Big companies, especially utilities, telecoms etc rely on consumer and business inertia to generate huge profits. What do I mean by that? Well, it’s simply the fact that for many people, once they have signed on the dotted line, it is easier to just keep making the monthly payments (especially if they are done via direct debit from their bank account) rather than go through the process of checking for better deals and switching to another service provider.
Even now, when there are numerous websites that will do all the comparisons for you and even handle the process of switching and managing the change to payment details, a lot of people will simply just not do it.
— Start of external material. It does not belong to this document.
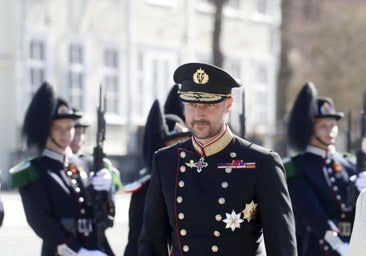 Haakon hereda una Corona en horas bajas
This is one reason why many companies are prepared to offer very generous terms to new customers to get them to sign up for contracts, as they know that customers will often keep on paying the same rate even though, over time, it has become a poor deal. The longer the initial term of the deal, the more likely that customers will stick and not switch
Every regular payment should be scrutinised in the same way that you would check your small change in the local shop.
I’ve just recently reviewed my domain name holdings and online hosting plan and saved my business a significant amount of money which previously trickled out almost unnoticed in a steady stream of outgoings spread over the year.
There are other ways that corporations boost their profits by capitalising on consumer inaction.
Did you know that gift certificates/cards/tokens purchased from popular outlets for friends and family can boost profits for retailers due to often hidden terms that see the gift cards expire after 12 months? This renders the money spent on them pure profit.
In 2006 it was estimated that the value of unredeemed gift cards was almost US$8 billion. Many people are unaware of this and savvy/unscrupulous (your choice) businesses take advantage of it. Some states in North America (e.g. California, Massachusetts, Ohio, Washington) have enacted laws to eliminate non-use fees or expirations.
Maybe there is an opportunity here to differentiate your business from theirs by advertising gift cards that don’t expire. I’m sure your accountant/CPA will brand that advice as reckless or irresponsible(!) but in practice it won’t make much difference to the percentage of your gift cards that are actually redeemed. If you are not currently offering any form of gift/delayed redemption card they can be very profitable in almost all sectors and you might like to give it some thought.